The Department of Special Collections currently holds more than fifteen letters of correspondence written from Onetti to Julio Payró. Covering the years 1937 to 1946, the letters are remarkably candid, and provide Onetti's opinion on a wide range of authors and works. He also comments on the progress of his own novels, as well as his involvement with La marcha. Specifically, in a letter dated November 2, 1938 (MSH/SCL 1262-2), Onetti discusses his opinions on literary theory, the definition of the novel, the reader's role in approaching a text, and the proper uses of poetry. The Department holds an additional 49 photocopied letters from Onetti to Payró from the collection of the Getty Research Institute. These letters may not be photocopied and may only be consulted onsite.
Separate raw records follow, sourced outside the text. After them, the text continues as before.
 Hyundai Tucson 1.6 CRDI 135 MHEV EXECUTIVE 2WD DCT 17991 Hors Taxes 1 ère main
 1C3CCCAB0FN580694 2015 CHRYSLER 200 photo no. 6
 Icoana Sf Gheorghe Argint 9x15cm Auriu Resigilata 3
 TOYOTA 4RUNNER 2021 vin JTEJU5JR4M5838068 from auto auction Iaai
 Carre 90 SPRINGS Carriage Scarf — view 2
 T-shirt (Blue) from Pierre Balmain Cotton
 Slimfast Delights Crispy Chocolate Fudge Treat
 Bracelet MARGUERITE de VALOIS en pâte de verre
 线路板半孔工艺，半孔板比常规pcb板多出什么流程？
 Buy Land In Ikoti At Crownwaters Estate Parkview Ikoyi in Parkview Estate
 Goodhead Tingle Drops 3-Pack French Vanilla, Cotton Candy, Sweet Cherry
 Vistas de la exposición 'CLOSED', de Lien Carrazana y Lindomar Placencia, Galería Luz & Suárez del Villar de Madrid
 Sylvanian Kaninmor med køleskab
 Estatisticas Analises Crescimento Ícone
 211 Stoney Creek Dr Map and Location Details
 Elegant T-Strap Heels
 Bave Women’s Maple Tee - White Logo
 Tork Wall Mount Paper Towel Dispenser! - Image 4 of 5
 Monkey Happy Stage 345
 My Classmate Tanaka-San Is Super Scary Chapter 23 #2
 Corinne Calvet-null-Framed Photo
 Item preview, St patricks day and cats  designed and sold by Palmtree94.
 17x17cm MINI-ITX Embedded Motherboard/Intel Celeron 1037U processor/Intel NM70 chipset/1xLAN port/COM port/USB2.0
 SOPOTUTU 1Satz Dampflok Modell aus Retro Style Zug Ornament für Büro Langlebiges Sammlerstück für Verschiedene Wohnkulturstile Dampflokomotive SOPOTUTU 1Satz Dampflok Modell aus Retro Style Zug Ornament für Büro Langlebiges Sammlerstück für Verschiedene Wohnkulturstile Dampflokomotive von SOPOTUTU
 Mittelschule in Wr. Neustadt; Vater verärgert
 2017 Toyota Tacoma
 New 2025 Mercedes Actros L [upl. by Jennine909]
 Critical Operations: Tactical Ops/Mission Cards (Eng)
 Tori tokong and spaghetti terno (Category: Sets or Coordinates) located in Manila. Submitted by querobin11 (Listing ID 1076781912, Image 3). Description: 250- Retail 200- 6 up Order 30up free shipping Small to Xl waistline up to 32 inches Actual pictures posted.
Aira, César. "Juan Carlos Onetti." Diccionario de autores latinoamericanos. Buenos Aires: Emecé, 2001. p. 401-402. (Hesburgh Library, Reference: PQ 7081.3 .A35 2001)
Gertel, Zunilda. "Juan Carlos Onetti." Spanish American Authors: The Twentieth Century. Ed. Angel Flores. New York: Wilson, 1992. p. 605-610. (Hesburgh Library, Reference: PQ 7081.3 .F57 1992)
Verani, Hugo J. "Juan Carlos Onetti." Latin American Writers. Ed. Carlos A. Solé. New York: Scribner, 1989. p. 1089-1097. (Hesburgh Library, Reference: PQ 7081 .A1 L37 1989)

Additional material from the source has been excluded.